### [WHAT IS NEEDED]
An exact copy of all records is expected, minus the images.

### [INPUT]
▼

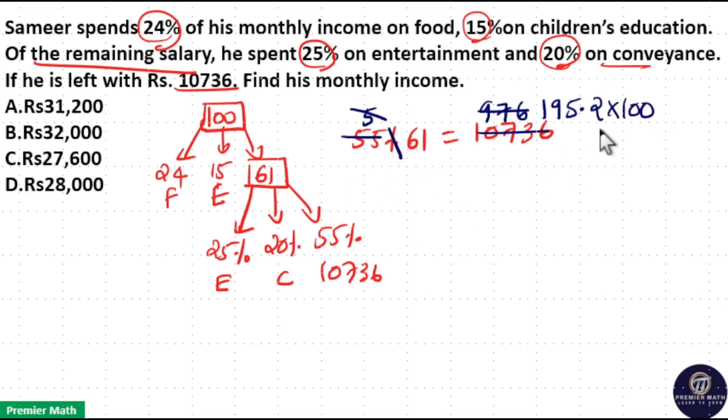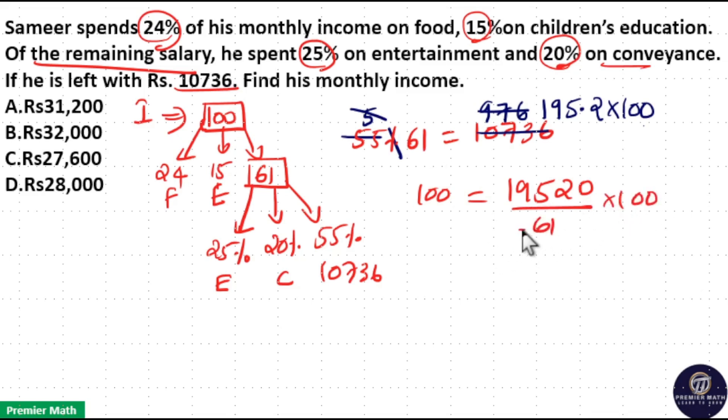The 61 part is equal to this value, and we need the 100 part since income equals 100 part. So 100 part equals 19,520 divided by 61, into 100. 61 into 3 is 193, remaining 12. 61 into 2 is 122, remaining 0. So the salary is 32,000. Income is 32,000. Option B is your answer.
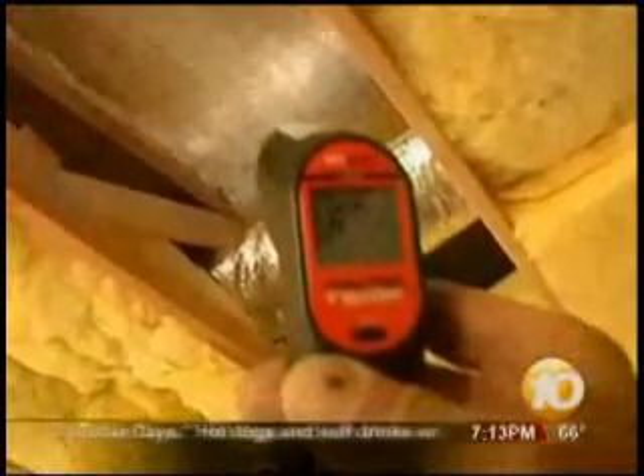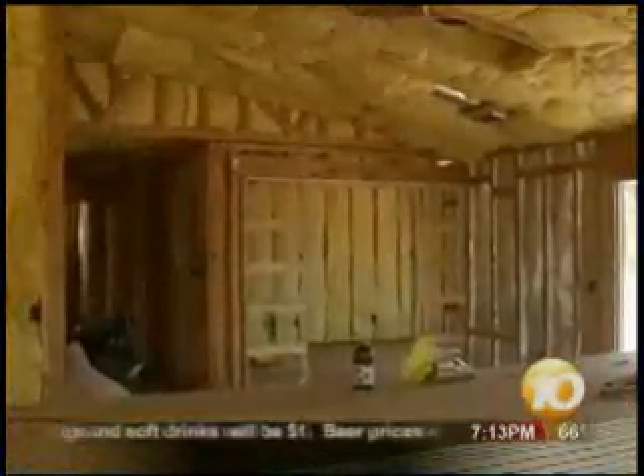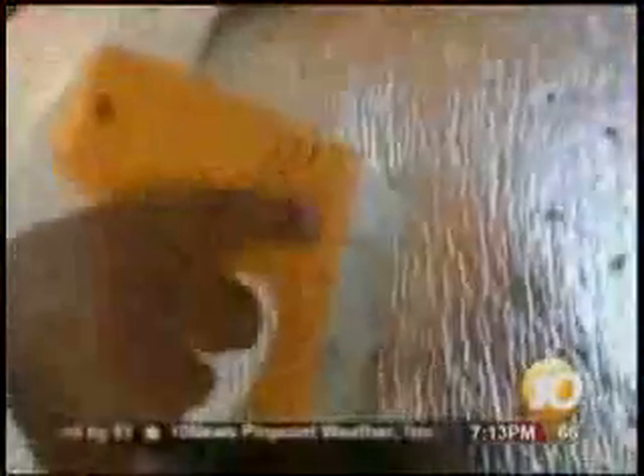A difference of 13 degrees, and there is no air conditioning running. This foil insulation is only about an eighth of an inch thick, and it's used in conjunction with regular insulation.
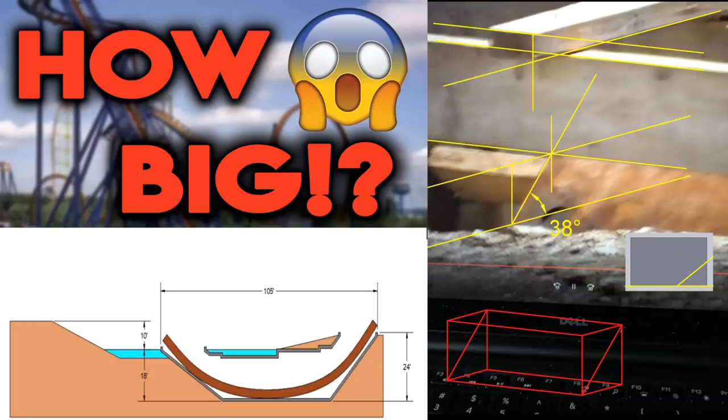How big is this project going to be? Using CAD, we had an engineering student create some renderings using our pictures, and here are some cool shots. We estimate the tunnel depth to be about 24 feet deep, 106 feet long, and the angle of ascent on the coaster to be anywhere between 38 and 40 degrees. This brings it up to about the 255-foot mark that we were expecting.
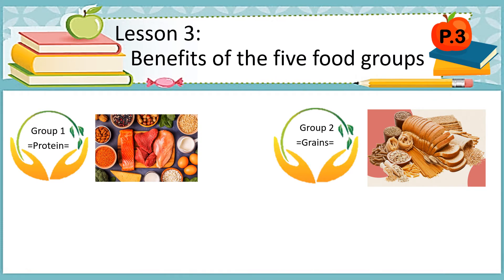Hello, my dear students. This is teacher Carol and welcome back to our class. We are in lesson 3, which is benefits of the 5 food groups.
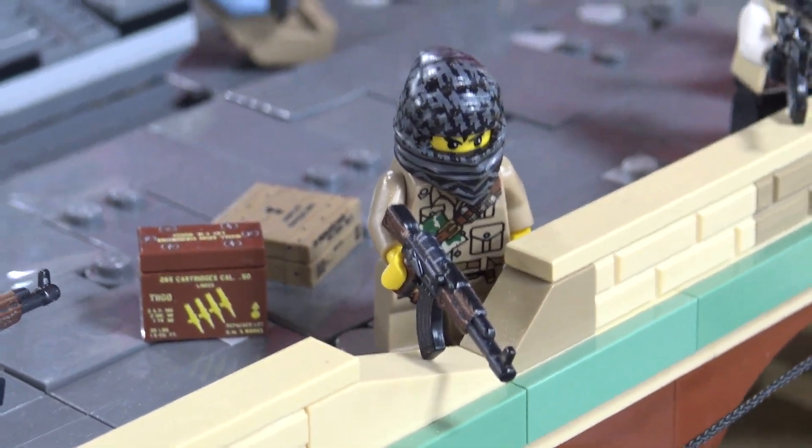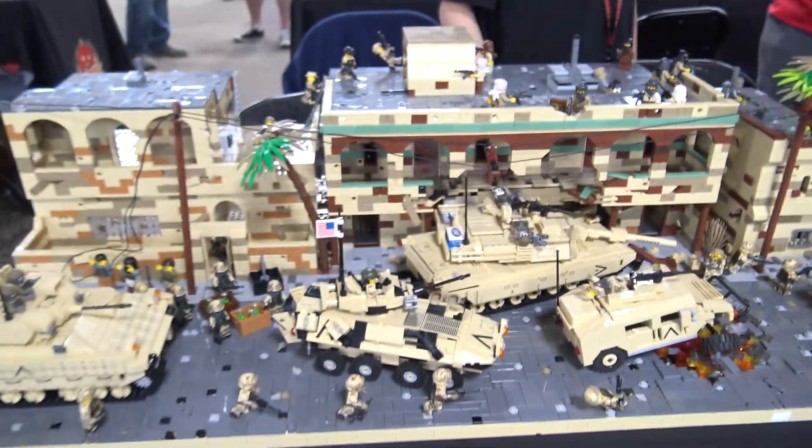The whole layout looks great and I'm glad you were able to bring it out to the show here. Thanks for taking us through everything.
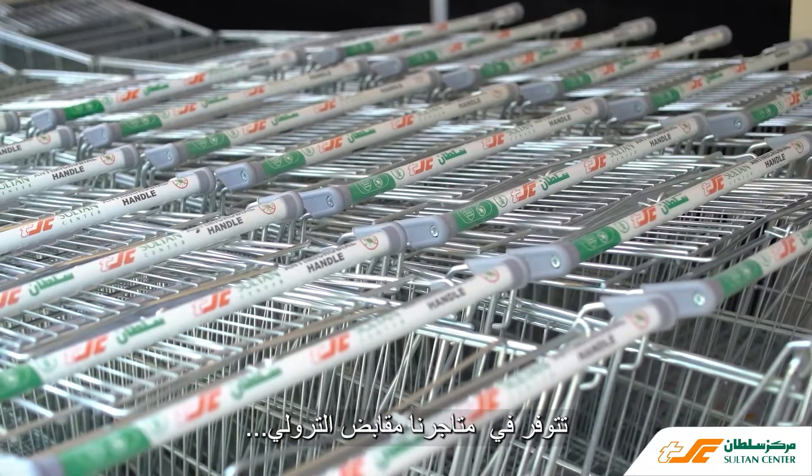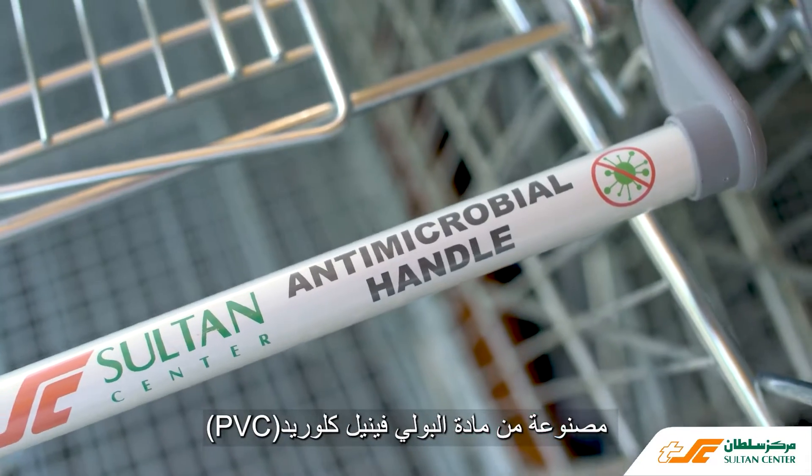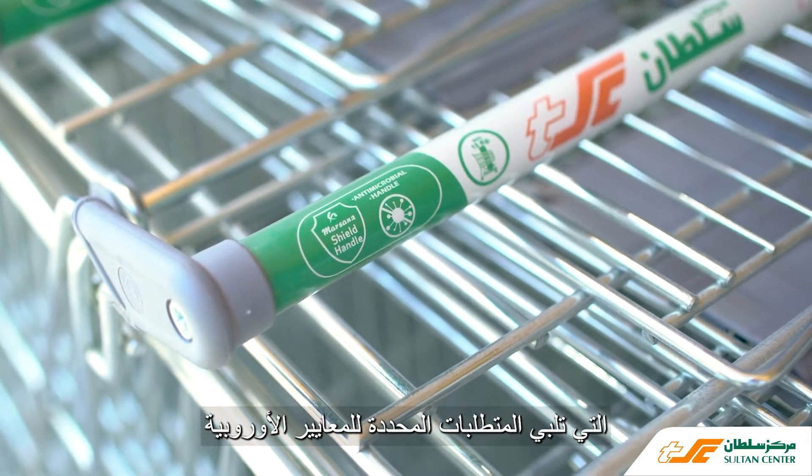Available at our stores, the trolley handles are made up of polyvinyl chloride, PVC, meeting requirements set to European standards.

▲

### [OUTPUT OF THE TASK]
The 61 part is equal to this value, and we need the 100 part since income equals 100 part. So 100 part equals 19,520 divided by 61, into 100. 61 into 3 is 193, remaining 12. 61 into 2 is 122, remaining 0. So the salary is 32,000. Income is 32,000. Option B is your answer.
A difference of 13 degrees, and there is no air conditioning running. This foil insulation is only about an eighth of an inch thick, and it's used in conjunction with regular insulation.
How big is this project going to be? Using CAD, we had an engineering student create some renderings using our pictures, and here are some cool shots. We estimate the tunnel depth to be about 24 feet deep, 106 feet long, and the angle of ascent on the coaster to be anywhere between 38 and 40 degrees. This brings it up to about the 255-foot mark that we were expecting.
Hello, my dear students. This is teacher Carol and welcome back to our class. We are in lesson 3, which is benefits of the 5 food groups.
The whole layout looks great and I'm glad you were able to bring it out to the show here. Thanks for taking us through everything.
Available at our stores, the trolley handles are made up of polyvinyl chloride, PVC, meeting requirements set to European standards.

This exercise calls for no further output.